**What you need to do**
Skip the pictures, and retype the data below in full, exactly.

**Data provided**
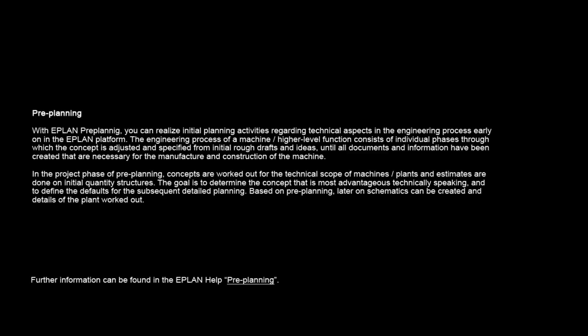In the project phase of preplanning, concepts are worked out for the technical scope of machines, and estimates are done on initial quantity structures. The goal is to determine the concept that is most advantageous technically speaking, and to define the defaults for the subsequent detailed planning. Based on preplanning, later on schematics can be created and details of the plant worked out.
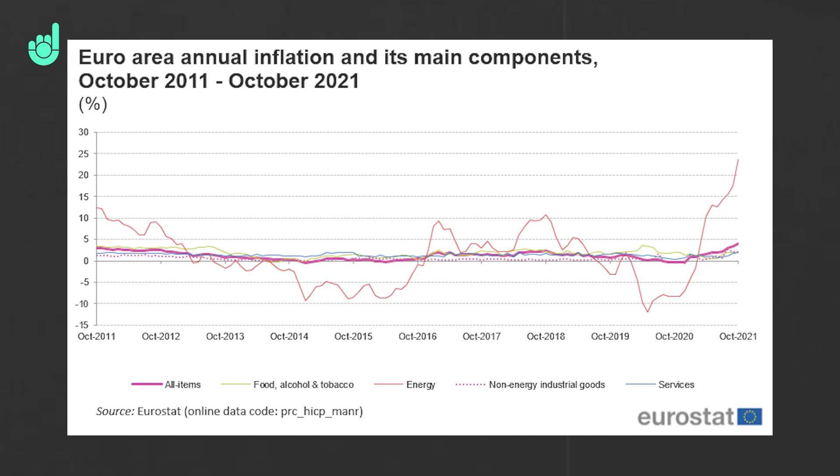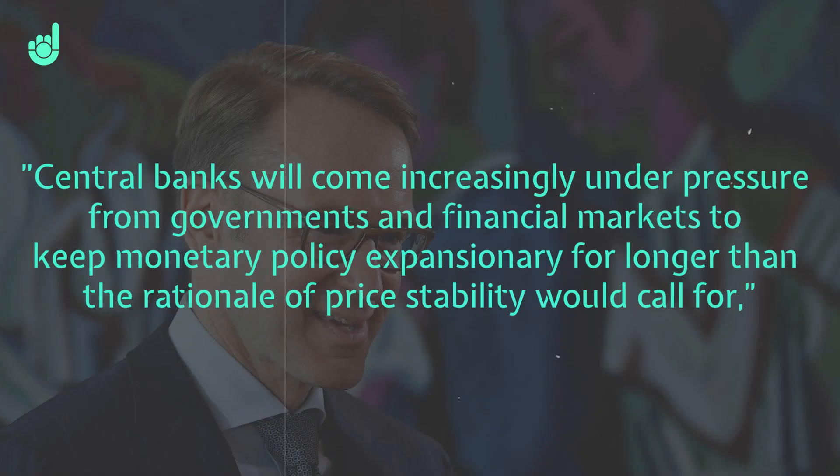So, the eurozone obviously has a very tricky history with low inflation over the past decade, so it seems that now they might be being extra cautious now that they're seeing inflation moving up, and they're not wanting to act too soon. However, he also made a good point in saying, central banks will come increasingly under pressure from governments and financial markets to keep monetary policy expansionary for longer than the rationale of price stability would call for.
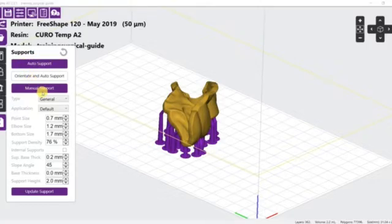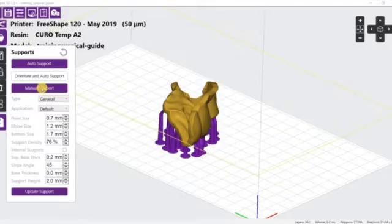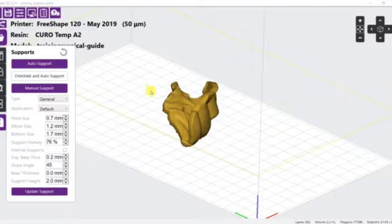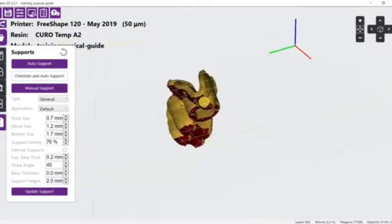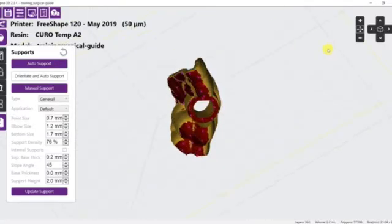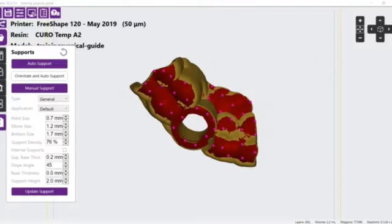Even though this function is mostly automatic, you may still sometimes need to manually add or remove some of the supports. Here is an example.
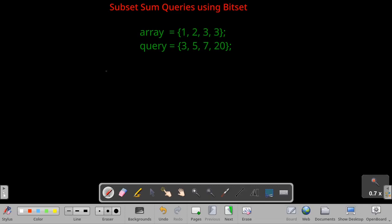Hello everyone. In today's video we will be looking at how we can solve the subset sum queries problem using bitset. The problem is: we are given an array of four elements which is [1, 2, 3, 3], and we are given another array of queries. For each query, we have to output whether a subset sum exists in the array. For query zero which is 3, we check if a subset sum of 3 lies inside the array — 1 plus 2 equals 3, so the answer is yes.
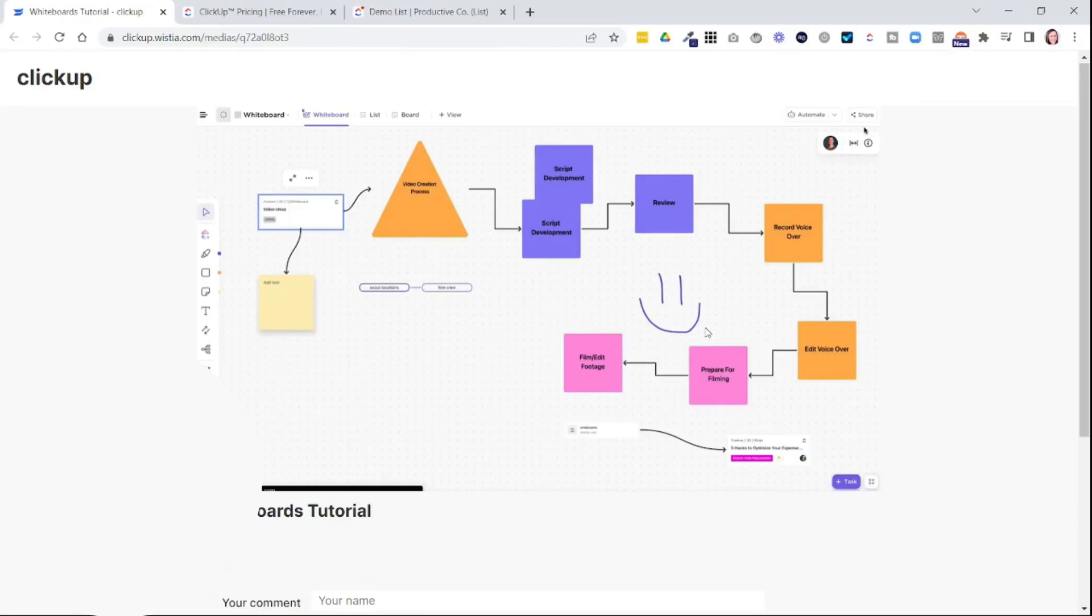ClickUp has a brand new feature called whiteboards and that's what we're going to be covering in today's video. If you're unfamiliar, ClickUp is a project management tool. It helps you keep track of all of the tasks that you need to do in your business.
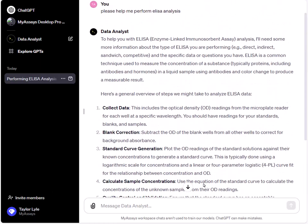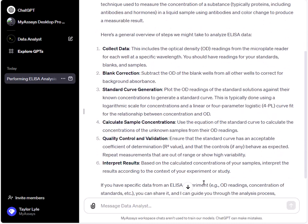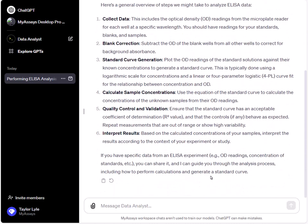We'll receive a response from ChatGPT requesting additional information such as the type of ELISA, data format, standards information, samples information, and the objective of our analysis. ChatGPT will also request our measurement data.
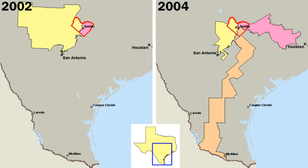Moreover, because of the strong status quo bias built into the U.S. political system, even when fairly large majorities of Americans favor policy change, they generally do not get it. The preferences of the average American appear to have only a minuscule, near-zero, statistically non-significant impact upon public policy. E.J. Dionne Jr. described what he considers the effects of ideological and oligarchical interests on the judiciary. He interprets recent Supreme Court decisions as ones that allow wealthy elites to use economic power to influence political outcomes in their favor.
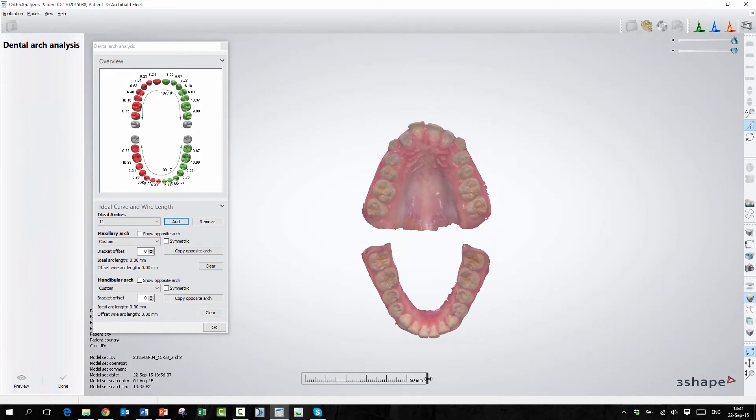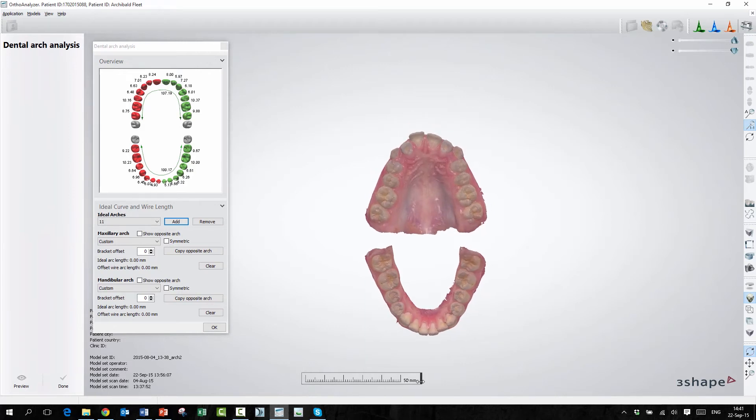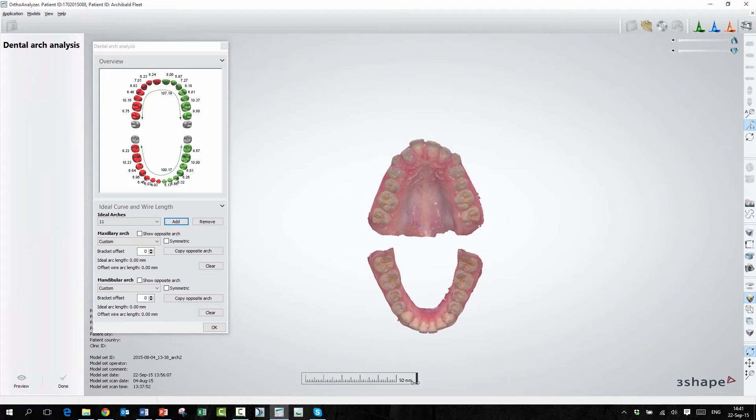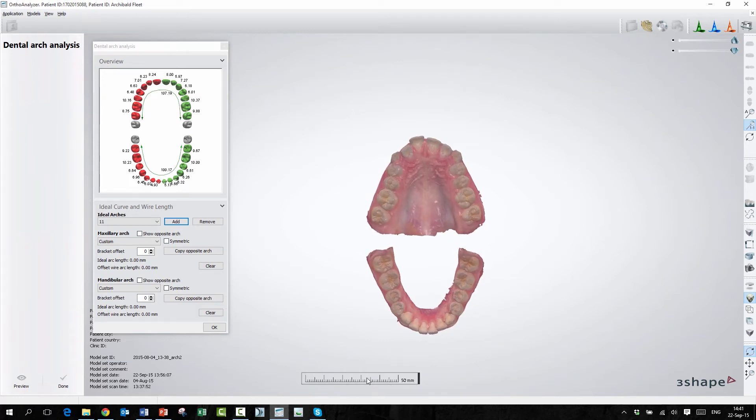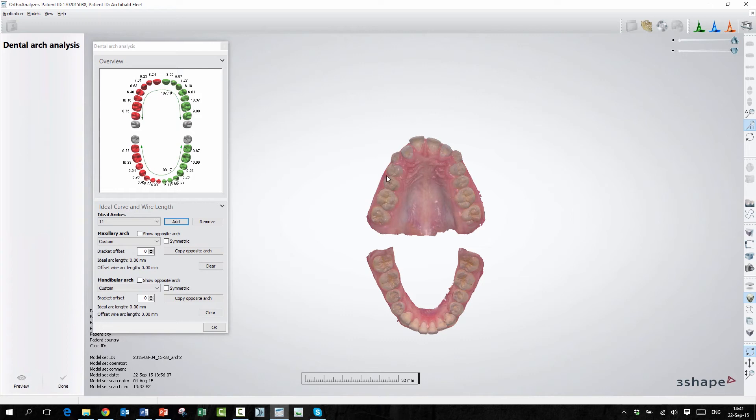So you hold basically a real physical ruler to the screen, and then you adjust that scale until they fit. Exactly. So this will be exactly 50 millimeters on your screen. Then you can take an ideal arch that you have, place it in front of your arch here, and then draw the arch wire. So analog meets digital, really? Exactly.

**Your solution**
In the project phase of preplanning, concepts are worked out for the technical scope of machines, and estimates are done on initial quantity structures. The goal is to determine the concept that is most advantageous technically speaking, and to define the defaults for the subsequent detailed planning. Based on preplanning, later on schematics can be created and details of the plant worked out.
So, the eurozone obviously has a very tricky history with low inflation over the past decade, so it seems that now they might be being extra cautious now that they're seeing inflation moving up, and they're not wanting to act too soon. However, he also made a good point in saying, central banks will come increasingly under pressure from governments and financial markets to keep monetary policy expansionary for longer than the rationale of price stability would call for.
Even though this function is mostly automatic, you may still sometimes need to manually add or remove some of the supports. Here is an example.
Hello everyone. In today's video we will be looking at how we can solve the subset sum queries problem using bitset. The problem is: we are given an array of four elements which is [1, 2, 3, 3], and we are given another array of queries. For each query, we have to output whether a subset sum exists in the array. For query zero which is 3, we check if a subset sum of 3 lies inside the array — 1 plus 2 equals 3, so the answer is yes.
ClickUp has a brand new feature called whiteboards and that's what we're going to be covering in today's video. If you're unfamiliar, ClickUp is a project management tool. It helps you keep track of all of the tasks that you need to do in your business.
We'll receive a response from ChatGPT requesting additional information such as the type of ELISA, data format, standards information, samples information, and the objective of our analysis. ChatGPT will also request our measurement data.
Moreover, because of the strong status quo bias built into the U.S. political system, even when fairly large majorities of Americans favor policy change, they generally do not get it. The preferences of the average American appear to have only a minuscule, near-zero, statistically non-significant impact upon public policy. E.J. Dionne Jr. described what he considers the effects of ideological and oligarchical interests on the judiciary. He interprets recent Supreme Court decisions as ones that allow wealthy elites to use economic power to influence political outcomes in their favor.
So you hold basically a real physical ruler to the screen, and then you adjust that scale until they fit. Exactly. So this will be exactly 50 millimeters on your screen. Then you can take an ideal arch that you have, place it in front of your arch here, and then draw the arch wire. So analog meets digital, really? Exactly.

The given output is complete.